Information provided:

'''

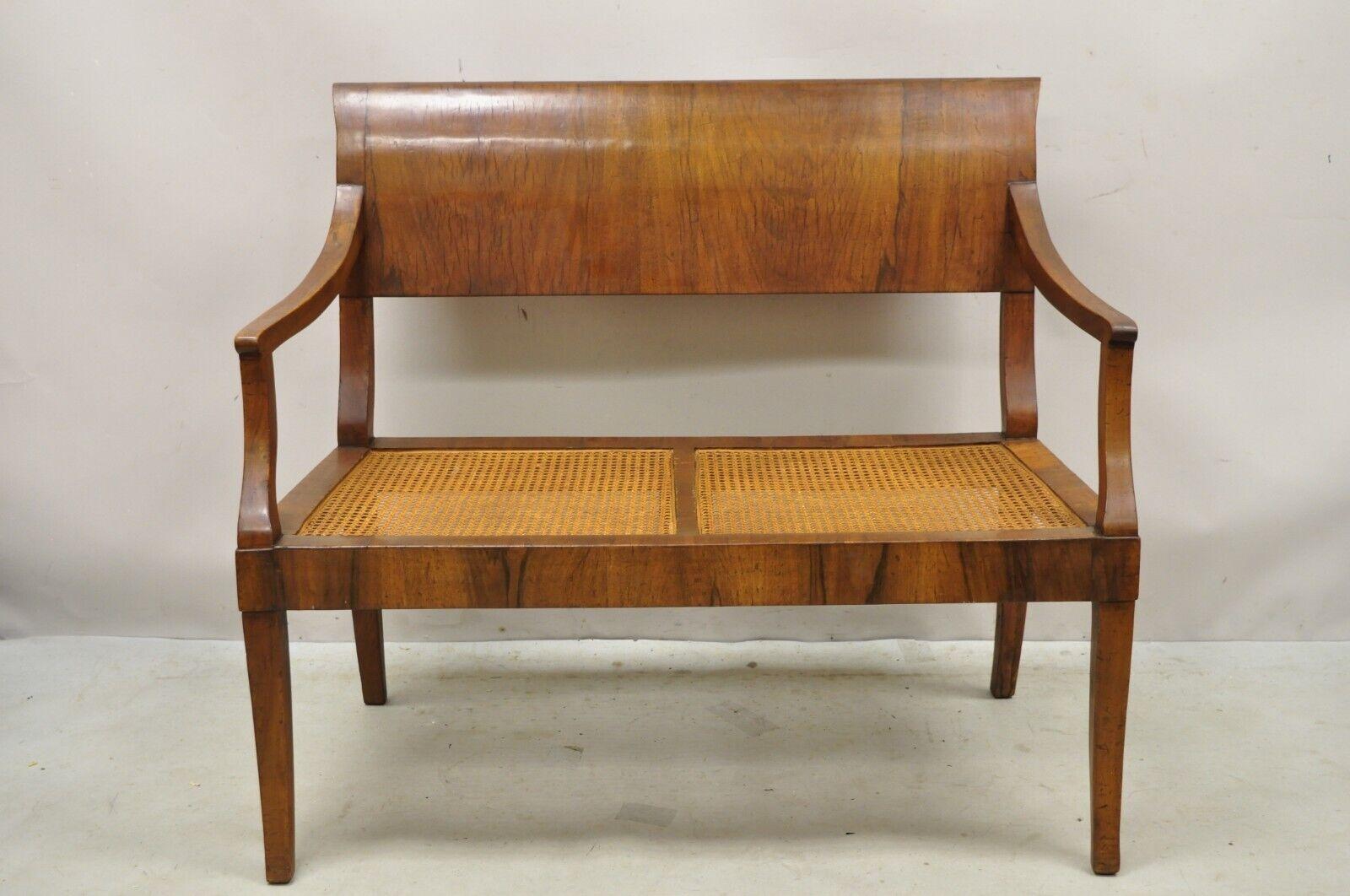 Antique Italian Biedermeier Style Elm Wood Cane Seat Walnut Bench Settee.  Item features a cane seat, beautiful wood grain, shapely saber legs. Circa  Early to Mid 20th Century. Measurements: 36
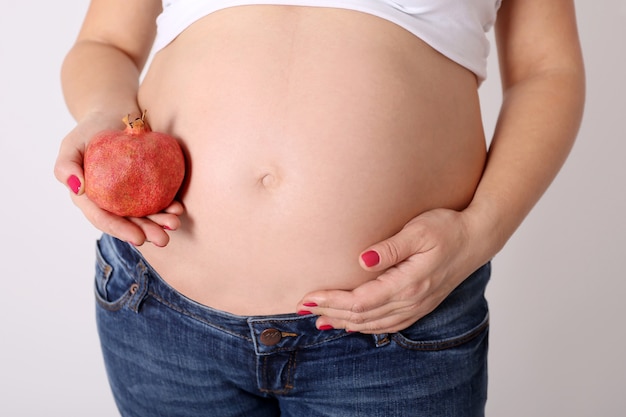 Bauch der schwangeren Frau mit Granatfrucht, gesundem Essen und Schwangerschaft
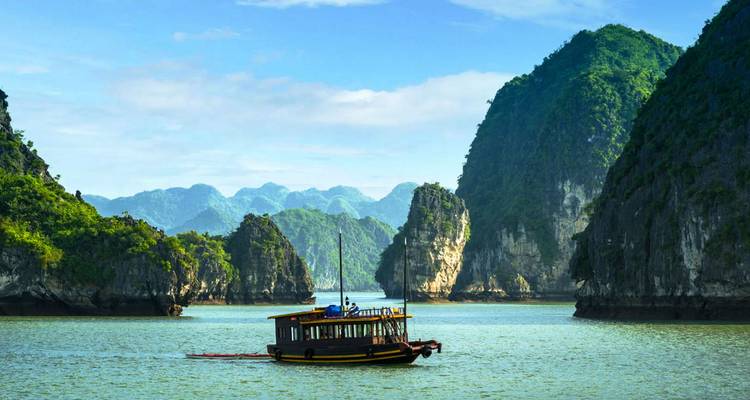 Un tradicional barco de madera navega a través de aguas esmeralda flanqueadas por espectaculares karsts de piedra caliza de la Bahía de Halong.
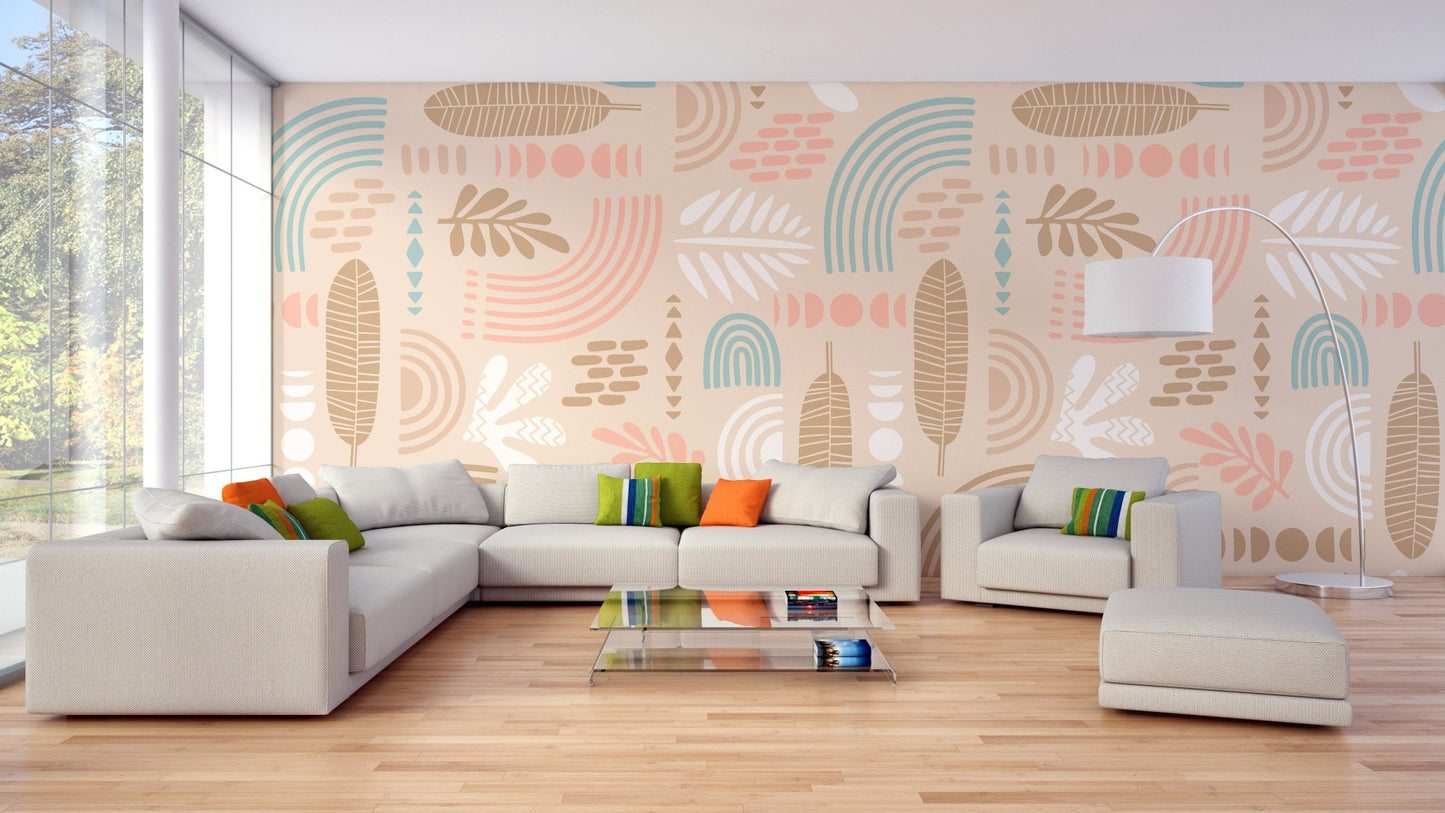 Abstract leaves and geometric shapes beige color wall mural behind a dark grey couch.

'''

Exercise prompt:
Your reply should hold every line of the material, unaltered, and not one picture.

Exercise output:
 Antique Italian Biedermeier Style Elm Wood Cane Seat Walnut Bench Settee.  Item features a cane seat, beautiful wood grain, shapely saber legs. Circa  Early to Mid 20th Century. Measurements: 36
 Bauch der schwangeren Frau mit Granatfrucht, gesundem Essen und Schwangerschaft
 Un tradicional barco de madera navega a través de aguas esmeralda flanqueadas por espectaculares karsts de piedra caliza de la Bahía de Halong.
 Abstract leaves and geometric shapes beige color wall mural behind a dark grey couch.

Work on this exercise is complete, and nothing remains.